By Farahnaz Zahidi
Published: May 3, 2015
LAHORE: “Being a woman doesn’t mean I am less than a man in any way,” Hiba Hassan, a 22-year-old student at the Lahore College for Women University (LCWU), says. The young head girl of her class speaks of a sense of motivation and empowerment that she attributes to sensitisation regarding gender equality that she and her fellow students have been exposed to at the university.
The university recently signed a memorandum of understanding with the All Pakistan’s Woman Association (APWA), one of the first partnerships of its kind for gender equality. Together, they organise workshops and trainings for students and teachers to increase an understanding of gender equality.
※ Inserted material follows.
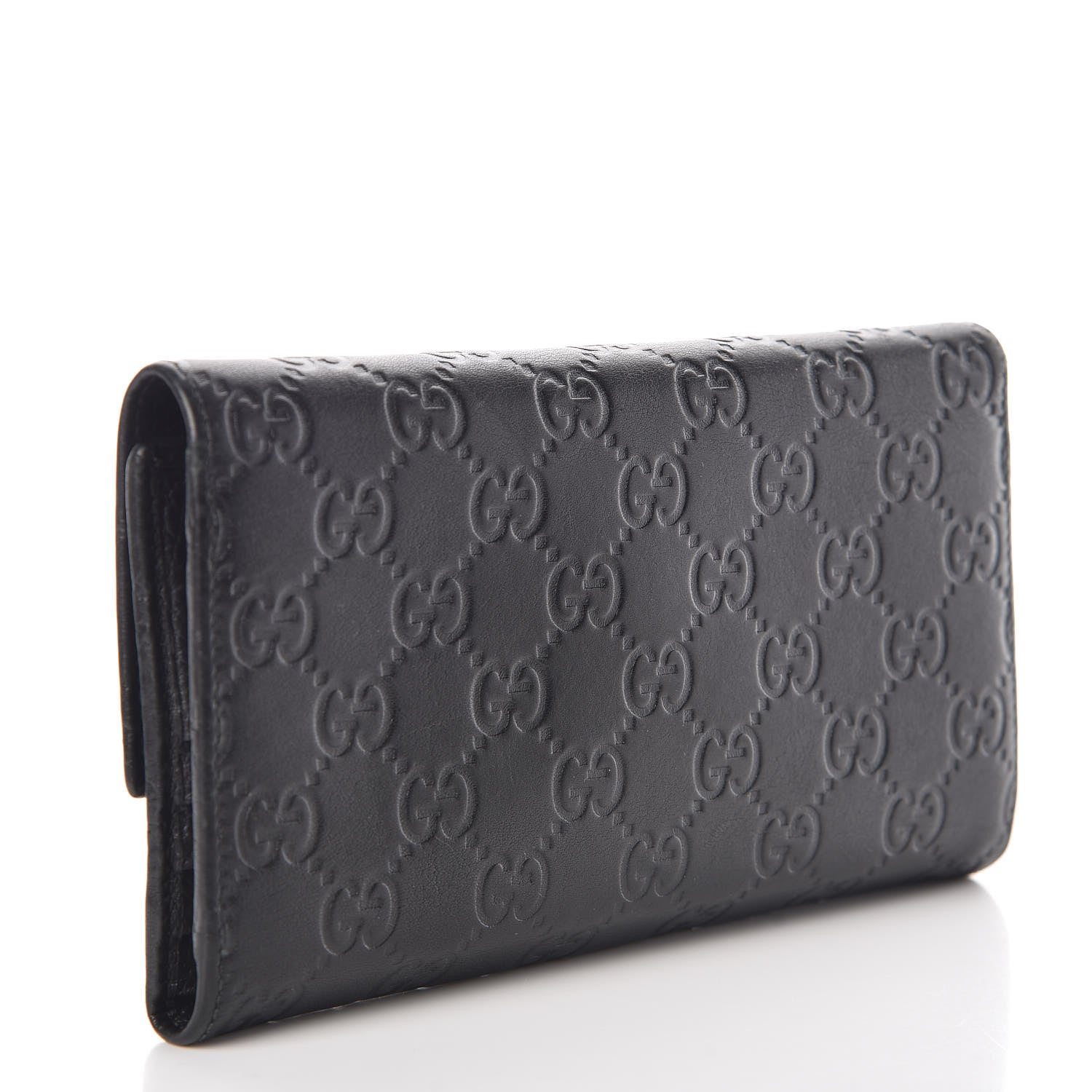 Gucci Guccissima Continental Flap Wallet Black 3 of 12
Part of the objective is to include women in peace processes at all levels and celebrate them as agents of peace.
Professor Shireen Asad, the student affairs director at the college, says, “We have more than 12,000 students studying up to PhD level. As an institute we feel that women’s empowerment is a basic pillar of progress.” Asad, an expert in psychology, says she believes that it is important to expose girls to ideas that could help them develop confidence and self-worth.
Durre Shahwar, the programme director at the APWA, echoes Asad’s sentiments. “I work on programmes to protect the girl child from exploitation. I believe in raising awareness in children’s formative years.” Shahwar has been working with the APWA to educate young women and men students about gender equality.
She says boys studying at the Ahmed Hassan Polytechnique College are being educated about these basics as part of their efforts. “We are working on another project with 200 girls from Kinnaird College. They will be involved in community service and will become agents of change,” Shahwar says. Recently, the association held a national conference titled the Role of Women in Promoting Peace and Harmony for a better Pakistan. The conference aimed to provide a platform to key stakeholders to come together and highlight the importance of women in peace and development. More than 200 students distributed pink scarves with messages of peace and equality painted on them. The scarves were made by students themselves. “Equality is not possible without economic empowerment,” says Shahwar. She says the APWA has been working on micro-finance projects aimed at helping out financially underprivileged women.
Published in The Express Tribune, May 3rd, 2015.